February 11, 2016 | Kelly

Will you share your business view on the Referendum with your employees?

Most UK employers have not expressed a view, saying either that it is ‘political’ or that it will not make a difference either way. In contrast, many foreign owned companies with UK subsidiaries have said what they think.

If I was an employee of any UK business, I would expect some indication as to what the top management business judgement was. That may affect my future and surely the Board view on which option is best for the company is something I should know. After all, my job impacts my earnings, security, self esteem, identity and my opportunity to develop. Being at work is no ordinary transaction on the lines of ‘my labour for your money’. It’s much deeper than that.

 That is why, when it comes to the Referendum on Europe, an employer should do a commercial analysis and should tell employees what the Board thinks. Frankly, it is a bit odd not to state your view. If an employee asks you what the board thinks is in the best interests of the company are you really going to say you don’t know or you don’t want to say?  It is not credible to say that no analysis has been done.

I do not buy the argument that some customers may be upset. Major global firms have expressed a view; do they seriously feel they are going to lose customers for doing so?

It may be of course that the Board itself has not made a corporate decision because they themselves are divided.

After all, how do you ring fence the personal political views of sceptics or Euro enthusiast colleagues on your exec from the strictly business stance you need to take as a group? That is a tough one for private businesses led by powerful figures eg Anthony Bamford or James Dyson who are strong supporters of the UK leaving. Interesting isn’t it how much sceptic support comes from successful entrepreneurs. Perhaps they feel powerful enough to take their own line rather than one that emerges from rigorous analysis among broader group of colleagues? I wonder what their employees feel but cannot perhaps say?

How does your view influence your Employer Brand among existing employees and potential recruits? How will they feel about their prospects in a firm which wants to stay in versus one which wants to be a plucky merchant adventurer and enter into the unknown post Brexit world? What message does either convey to the kind of talent you want?  Given that so much internal communication aims to be 100% risk free, I would respect any prospective employer who showed they had done the analysis and stated a view.
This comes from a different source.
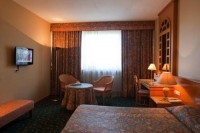  -   RCC-TRAVEL.RU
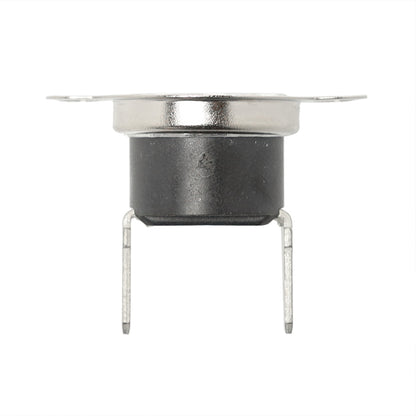 EBG51439303 LG Wall Oven Safety High Limit Thermostat - Appliance Parts Canada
Hiding away behind the ‘it’s political and we don’t comment’ line does not score points for top talent seeking a clear point of view.

What about the public sector in the UK (32% of all employees?) does it matter to them either way? of course it does if you think that public sector budgets will be influenced by the future prosperity of the UK. But will their management feel able to say anything? Probably not, though perhaps some public service leaders in Scotland will not feel so restrained.

Two final points:

  1. If you have not got a Board view yet, how best do you establish it and do you anyway assess this issue as a potential risk to the company in your annual review?

Can you perhaps form an internal group say the heads of finance, marketing, operations, corporate development and HR to undertake an assessment of the risks and opportunities? Set up a session with an external facilitator for the overall exec to review? Involve customers? Involve employees?

  1. Expressing a view to employees.

Some employers may want to add some emotional and wider factors but the communication may be best limited to an analysis of what is most likely to happen to the company’s fortunes taking into account the impact of either result on people, operations, finance, marketing and corporate development. This is then followed by a conclusion on which option is likely to be best for the firm and its stakeholders. It should of course be a balanced view and, while unlikely, may offer a conclusion that it does not matter.

Last thought —

As the Referendum date gets nearer, I suspect a corporate line of ‘no view’ will become untenable. Employees will ask questions, competitors may increasingly go public and if you have done the work and agreed your stance, why not reveal it earlier than later (and rather lamely) when so many bolder employers will be ahead of you?